Tetrahedral [Sb(AuMe)4 ]3- Occurring in Multimetallic Cluster Syntheses: About the Structure-Directing Role of Methyl Groups.

The anion of [K(crypt-222)]3 [Sb(AuMe)4 ]⋅py (1; crypt-222=4,7,13,16,21,24-hexaoxa-1,10-diazabicyclo[8.8.8]hexacosane; py=pyridine) represents a rare example of a homoleptic heavy p-block metal atom being surrounded by four free-standing transition metal complex fragments, and the third example for a corresponding Sb compound. In contrast to all reported complexes of this type, the transition metal atoms possess twofold coordination only, hence the complex as a whole does not exhibit significant steric shielding or further linkage of the metal atoms. This is reflected in a high flexibility, as confirmed by slight deviations from a tetrahedral coordination of the Sb atom in the crystal and soft vibrational modes. An alternative pyramidal conformer, observed for a related arsenic compound with terminal phosphine ligands, is apparently disfavored owing to electron correlation effects. The compound is formed in a reaction that in another solvent or at other reactant concentrations yields salts of ternary cluster anions.
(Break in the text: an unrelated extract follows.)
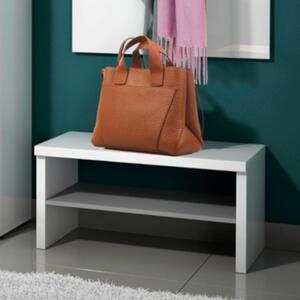 Noah High Gloss Hallway Seating Bench In White And Anthracite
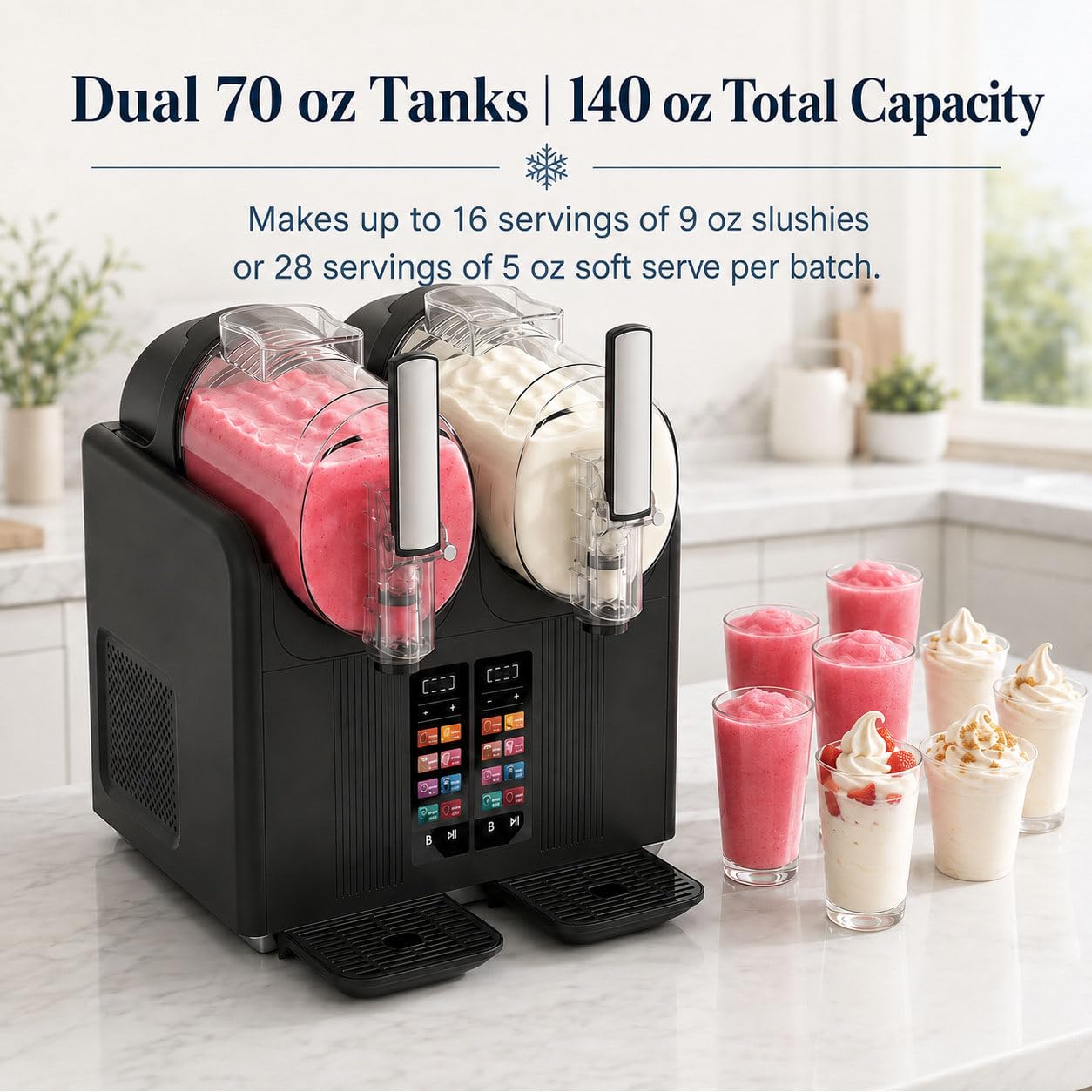 Máquina para Granizados Y Helados 2 En 1 Black | 7 Modos Preestablecidos Doble Depósito Autolimpieza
By a combined experimental and theoretical study of different reaction conditions and previously unidentified side-products, we provide insight into multimetallic cluster synthesis reactions.

Introduction

Multimetallic compounds have been in the focus of research groups across the world for a variety of reasons, ranging from the exploration of their mere accessibility or their structures and bonding, to their use as precursors to new intermetallic phases or in bond activation processes.[ , , , , , , ] An elemental combination that attracted much attention is that of Sb and Au, due to relatively high electron affinities of both metals (Sb: 103.2 kJ mol−1, Au: 222.8 kJ mol−1), thus allowing for different polarization of the bond.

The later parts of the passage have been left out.